TAPS requests that the Commission clarify that as currently designed
SPP will not be subject to the Final Rule.
27. PG&E, EPSA and TAPS all state that because the proposed rule
primarily addresses markets that use locational market-based congestion
management mechanisms like LMP and have FTRs, the Final Rule should
clearly state that it only applies to those markets, and only addresses
long-term financial transmission instruments. PG&E recommends that the
Commission issue a parallel rule providing for long-term transmission
rights in markets that do not use a market-based congestion management
mechanism.
28. In reply comments, NRECA opposes proposals to narrow the
definition of organized electricity market, arguing that the need for
long-term firm transmission rights and the language of the statute are
not limited to transmission organizations with locational pricing
structures.
29. APPA states that it supports the proposed definition of
organized electricity market, but suggests that it be revised to
replace ``auction-based market'' with ``a centralized market'' because
use of ``auction-based'' implies that buyers and sellers in RTO markets
have more choice and autonomy than they do in practice.
Commission Conclusion
30. We will adopt the definition of organized electricity market
proposed in the NOPR with one modification. Specifically, we modify the
first clause of the definition to state that organized electricity
market ``means an auction-based day ahead and real time wholesale
market * * *.'' We make this modification to clarify the application of
this Final Rule and ensure that the definition captures the
transmission organizations with organized electricity markets using LMP
and FTRs to which Congress directed the Commission to apply this Final
Rule to in section 1233(b) of EPAct 2005. Today, those electricity
markets do not offer financial transmission instruments supported by
[[Page 43569]]
existing capacity with terms longer than one year, and thus entities
are not able to obtain a ``firm'' transmission right on a long-term
basis in those markets as section 217(b)(4) of the FPA directs. As a
result, they are appropriately the focus of this Final Rule.
31. The Commission will not expand the definition to include other
RTO/ISO regions (sometimes called ``Day 1'' markets), non-RTO/ISO
transmission providers, or any other electricity market structure.

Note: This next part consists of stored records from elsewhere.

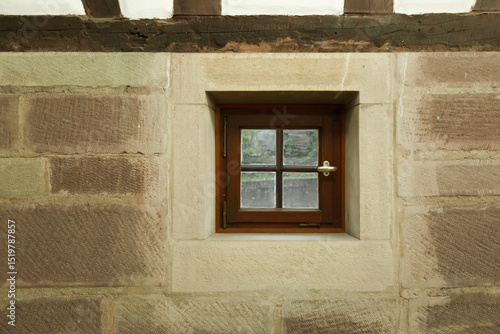Rustic stone walls with small windows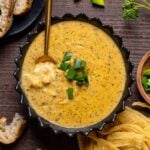 Bowl of Hearty Cheddar Garlic Herb Potato Soup with a spoon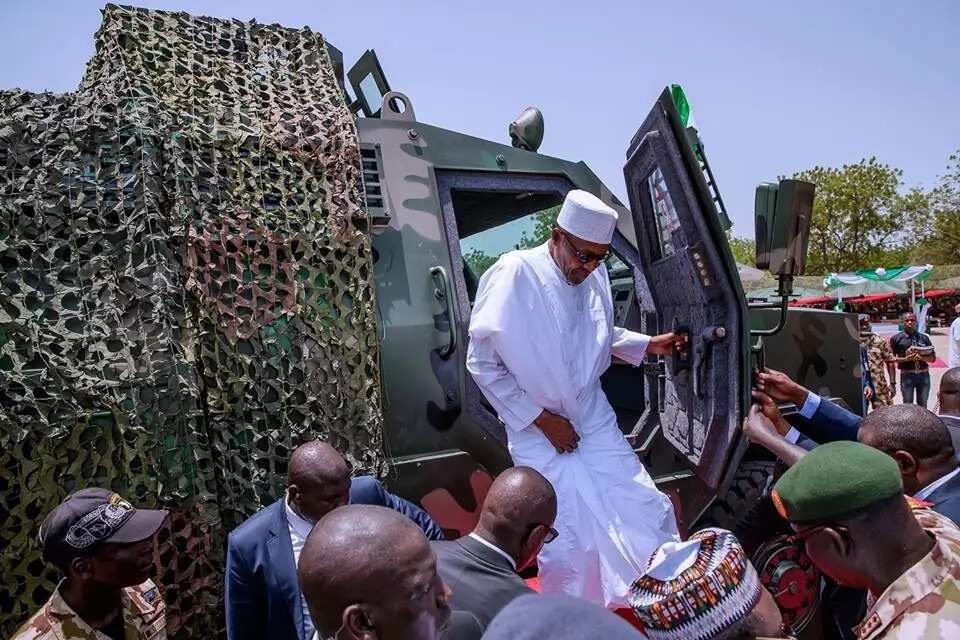 President Buhari testing the locally manufactured armoured carrier. Photo source: Femi Adesina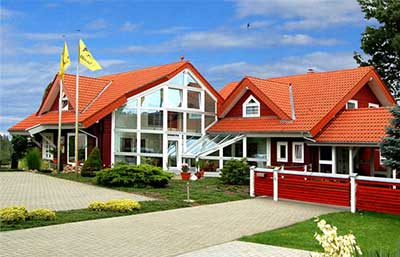LéonWood Musterhaus Blockhaus Château M Außenansicht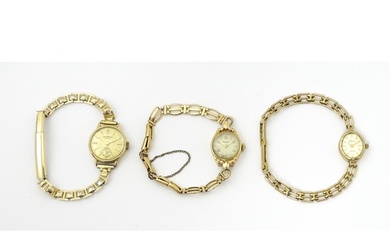 Three various 9ct gold ladies wristwatches, two with 9ct gol...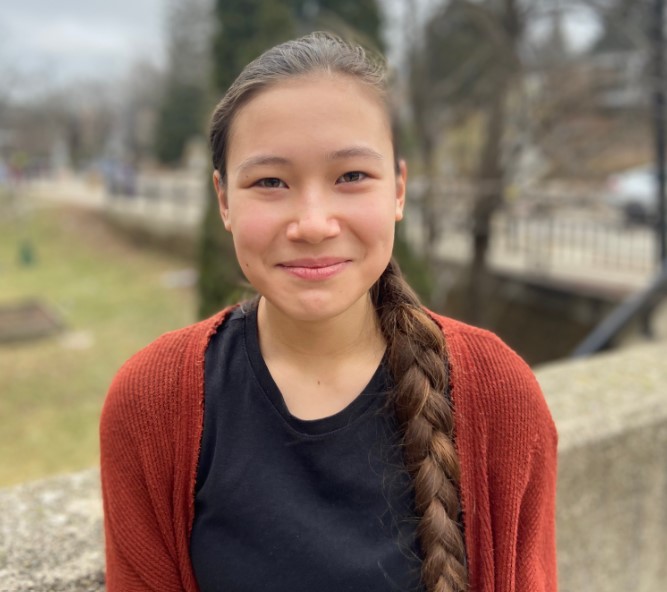 2023 Madison Youth Poet Luareate Madeleine Bohn is pictured wearing an orange sweater over a black shirt with her brown hair in a braid down her shoulder.
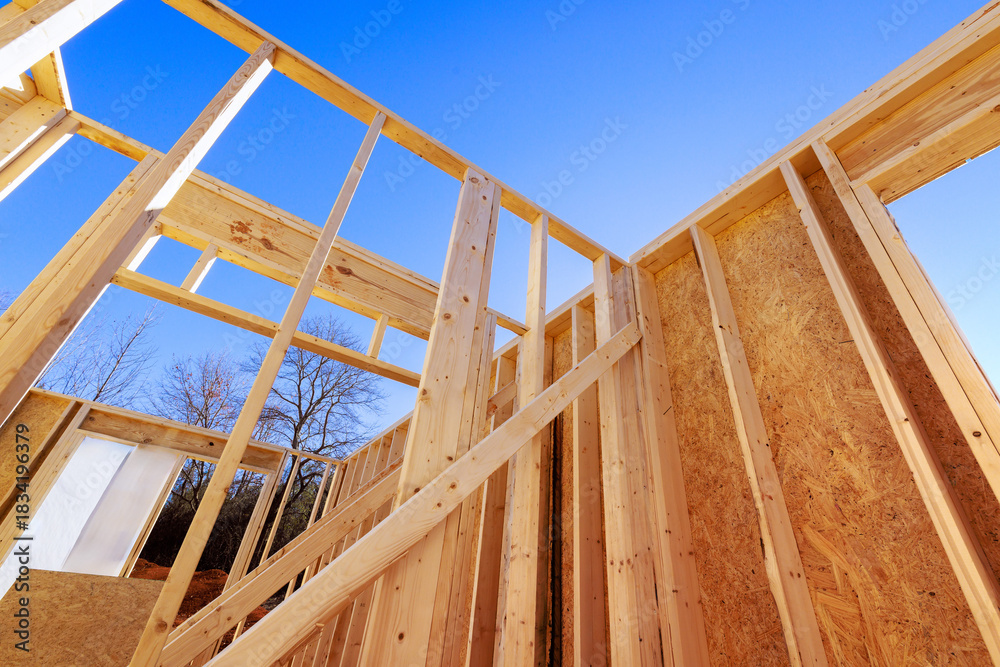 Obraz premium Sunlight shines on wooden framing beams of house under construction in quiet location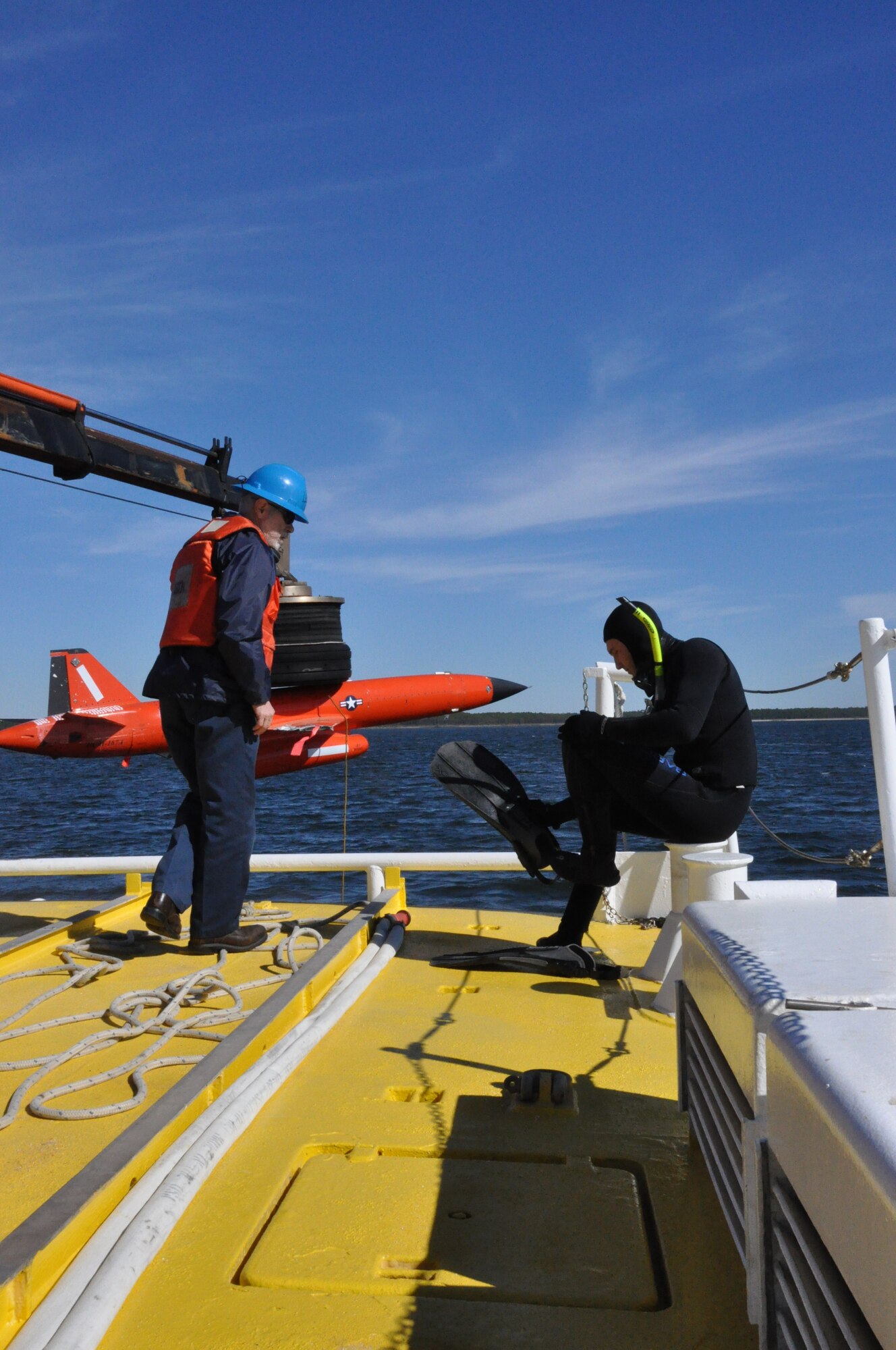 Mr. Ray Gallien and Mr. Chris Geradine, 82nd Aerial Targets Squadron Missile Retriever commercial divers, prepare to recover a BQM-167A drone during a training run. (U.S. Air Force photo by Staff Sgt. Rachelle Elsea)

Applying the Final Rule to non-RTO/ISO markets would not be appropriate
because EPAct 2005 requires us to implement section 217(b)(4) in this
rulemaking in ``transmission organizations with organized electricity
markets,'' and non-RTO/ISO transmission providers by definition are not
transmission organizations.\26\ And while Public Power Council is
correct that there may be other electricity market structures, the
definition we adopt here is only for the purposes of this Final Rule
and is crafted to ensure that the appropriate entities are subject to
the Final Rule. Additionally, as we noted in the NOPR, non-RTO/ISO
transmission providers and other RTO/ISOs offer long-term physical
transmission service under the Order No. 888 OATT without rates that
vary with congestion costs.\27\ The Commission recently issued a NOPR
in Docket Nos. RM05-25-000 and RM05-17-000 that would institute reforms
to the OATT. It is more appropriate to consider in that rulemaking any
issues related to the application of section 217(b)(4) of the FPA to
the other markets identified by commenters, particularly issues related
to coordinated, open and transparent transmission system planning.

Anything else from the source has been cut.